There are three areas cited as propitious for some action: movement on negotiating stalled trade pacts such as the Trans-Pacific Partnership; movement on U.S. domestic energy regulations including authorization for the much-debated Keystone Pipeline from Canada to the Gulf of Mexico; and a revision of the corporate tax code that would see the overall rate decrease to be more in-line with international averages and a closing of loopholes that would result in more overall corporate tax being collected.
 
Also mulled, but in our view much less likely, are some movement on immigration reform and meaningful changes to the Affordable Care Act (a.k.a Obamacare).
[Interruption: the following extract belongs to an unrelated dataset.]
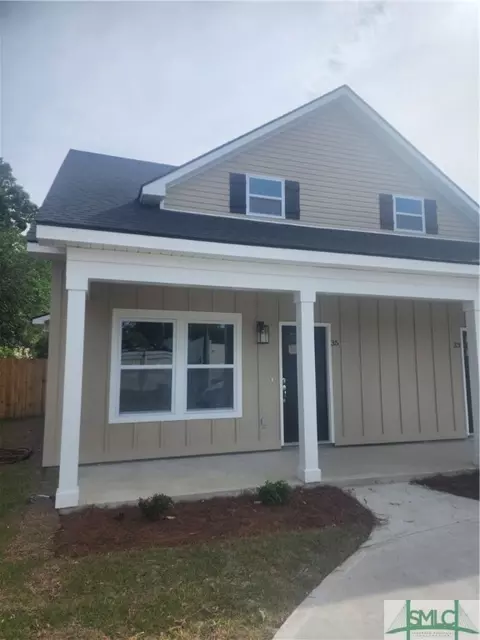 35 Travis St, Savannah, GA 31406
And even in the three areas above where the chances of movement appear decent, the sheer partisan and acrimonious climate of contemporary Washington may just preclude even that.
 
We are left, then, with a static and locked political scene with a key element of uncertainty removed.
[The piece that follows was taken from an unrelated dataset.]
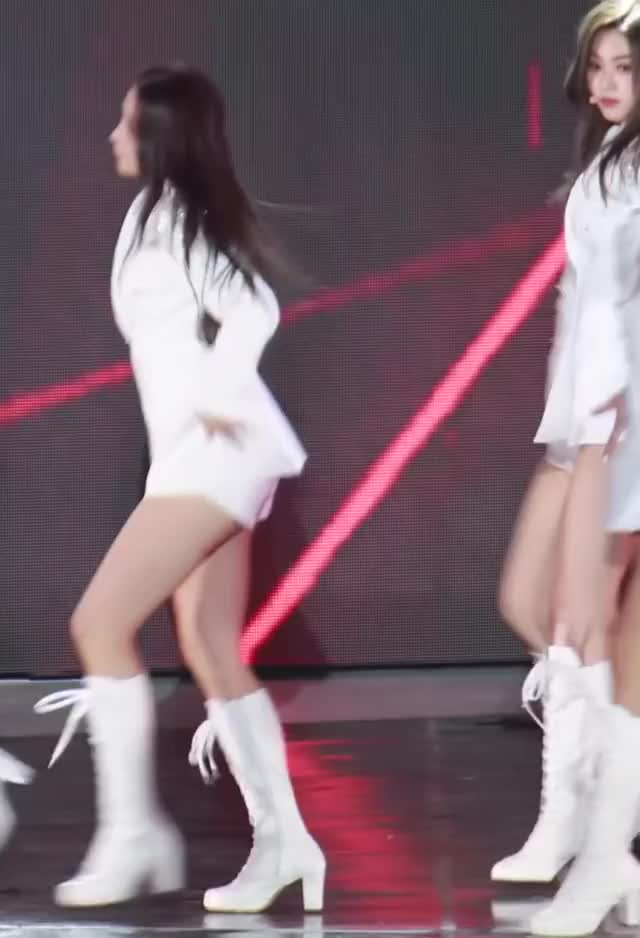 CLC Elkie dream concert BD 7 slow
While it is unclear whether the federal government will act incrementally on the issues, it is clear that the federal government is not about to enact sweeping new taxes, expansive new regulations, or innovative new approaches to the continued challenge of wages and jobs. As a result, investor and market attention will and should focus primarily on whether companies are delivering sustainable financial returns, led by skilled management and driven by growing end-markets.
 
On that score, markets are at the least poised to continue the trends of the past years, with low rates (perhaps not as low as the Fed likely begins raising short-term rates sometime in 2015) and strong earnings. While this bull market has been robust since mid-2009, we should not forget that since 2000, equities have hardly been on a bull run, with the Nasdaq still below its all-time high set in March 2000 and the other indices only a tad above that. Multiples are hardly egregious, and as mentioned, rates are low.
 
Past performance and past trends are not at all a guarantee of future trends. But for the next two years, it is difficult to make the case that the trend of past midterm elections will be broken. As long as the global financial system does not encounter a crisis, equities seem likely to continue their rise, as they have in all but one case after midterms over many, many decades. 

Karabell is head of global strategy at Envestnet, a leading provider of wealth management technology and services to investment advisors.